The club has several nicknames, but their most well-known moniker is ‘The Toffees’. This nickname comes from a toffee shop located in Everton Village. Mother Noblett’s sold a variety of sweets including the Everton Mint - which is thrown into the crowd before home match days.
The Toffees is not the only nickname that Everton are known by, however, as they have picked up several during their history.
How Everton Came to be Known as The Toffees
The aforementioned Mother Noblett’s toffee shop was located between Everton Brow and Brow Side in the Everton Village - from which the club takes its name. It has since become a tradition for a girl to throw the Everton Mints, that were sold by the shop, into the crowd at Goodison Park before Everton home games. This girl is known as the ‘Toffee Lady’ by supporters.
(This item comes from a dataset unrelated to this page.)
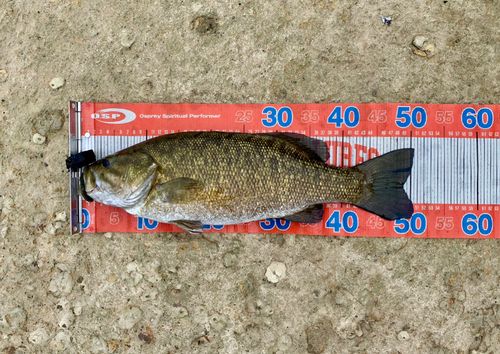 スモールマウスバス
A secondary origin for the club’s primary nickname comes in the form of a property called ‘Ye Anciente Everton Toffee House’. This was situated near the Queen’s Head Hotel in Everton where the club’s early meetings were held during the late 1800s and early 1900s.
The Many Nicknames of Everton Football Club
In addition to being known as ‘The Toffees’, Everton also have some other nicknames which supporters of the club and outsiders have bestowed upon them during their time.
During the club’s formative years, Everton played in a black strip up until 1882, which led them to be called ‘The Black Watch’. This name came from a famous Royal Army Regiment of Scotland.
The club switched to their famous royal blue colours in 1901; This subsequently saw them become ‘The Blues’, which is now the nickname the club is most commonly referred to by after ‘The Toffees’.
Everton’s attractive style of play throughout the years has earned them many admirers, far beyond their fan base. As a result, in 1928, former England international Steve Bloomer called the club’s play ‘scientific’.
This later developed into the club being known as the ‘School of Science’. Fast forward to 1995, and the club’s most recent trophy, the FA Cup-winning side managed by Joe Royle was referred to by fans as the ‘Dogs of War’ as they won every match on the way to beating Manchester United at Wembley.
After being appointed as manager in 2002, David Moyes declared that Everton was ‘The People’s Club’ and this has since been adopted as a semi-official nickname.
The Blues - Football’s Most Common Moniker?
After ‘The Toffees’, Everton are perhaps most commonly referred to as being ‘The Blues’. This is a nickname that derives from the club’s colours and as a result is common throughout the football world. Staying in the Premier League, five-time winners Chelsea are known as ‘The Blues’, having previously been called ‘The Pensioners’.
Elsewhere in the Football League, Birmingham City, Cardiff City and Ipswich Town are also referred to as ‘The Blues’ amongst other nicknames. This is also the case for both Shrewsbury Town and Southend United of League One and League Two respectively. 54-time champions of Northern Ireland, Linfield, are another British club whose nickname is ‘The Blues’.
Italian giants Napoli are known by their fans as ‘Gli Azzurri’, which directly translates to ‘The Blues’, although they play in a lighter shade of blue than the previously mentioned clubs. Meanwhile, dominant Croatian side Dinamo Zagreb are known as ‘Modri’ which has the same meaning when translated into English.